The market reckons there could still be a counter offer from someone (the odd one from a partly-owned subsidiary of FKP seems to have died a natural death) offering more than the new price of $1.80 a share ($1.77 cash and 3c a share dividend if accepted by September 30) revealed on Monday by Stockland.
The market pushed Aevum shares up 4%, or 7c to $1.805 at the close on Tuesday and they closed unchanged yesterday after the company’s board issued a new letter to shareholders.
That letter contained another hint that the company is talking to other groups.
"While there can be no certainty of outcome, as previously advised, preliminary discussions are taking place with a number of other parties that may lead to a superior offer, the letter said.
"Aevum will continue to progress those discussions and keep shareholders informed on any material developments as appropriate.
"Aevum shareholders should note that by declaring its offer unconditional and final, Stockland is not able to walk away from its offer or increase its offer price.

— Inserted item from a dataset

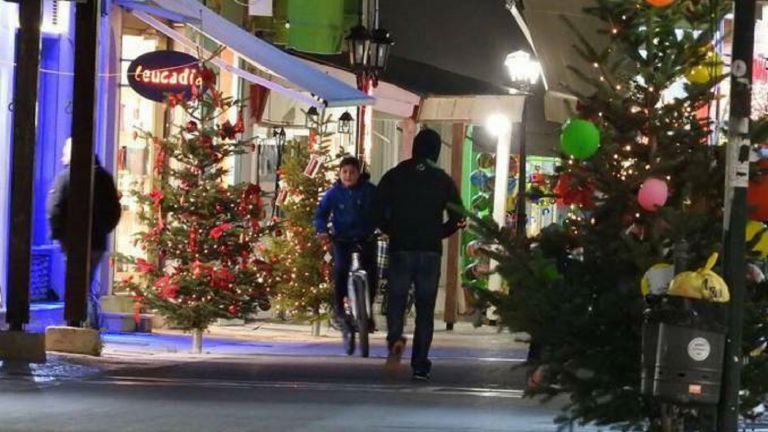 2 Ιανουαρίου Αργία: Κλειστά καταστήματα προτείνει ο εμπορικός σύλλογος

"This means that you have the option to accept Stockland’s increased offer up until the close of its offer on 30 September 2010 (or any later date if the offer period is extended).
"If a superior offer for Aevum emerges before the close of Stockland’s offer, you will not be able to accept the superior offer if you have already accepted Stockland’s offer.
"You can rest assured that your Board is working hard to ensure that all options are properly considered and is mindful of the need to update shareholders sufficiently prior to the current scheduled close date of 30 September 2010," the letter added.
The small premium to the offer price of half a cent is a sign that a hedge fund or other punters are keeping the price a touch higher than the offer in the hope of a higher counterbid emerging.
It has already worked with the original $1.50 a share offer overbid and never seemed to weaken as the Aevum board and consistently rejected the Stockland offer.
The Aevum share price was sitting at $1.70 in late August, so the market had been confident for a while that Stockland would have to offer more, which they have now done. But no more.
Stockland said this week that Aevum shareholders who accept Stockland’s increased Offer before 30 September 2010 will now receive a cash payment of $1.80 per share, which will be made within three business days of receipt of their acceptance.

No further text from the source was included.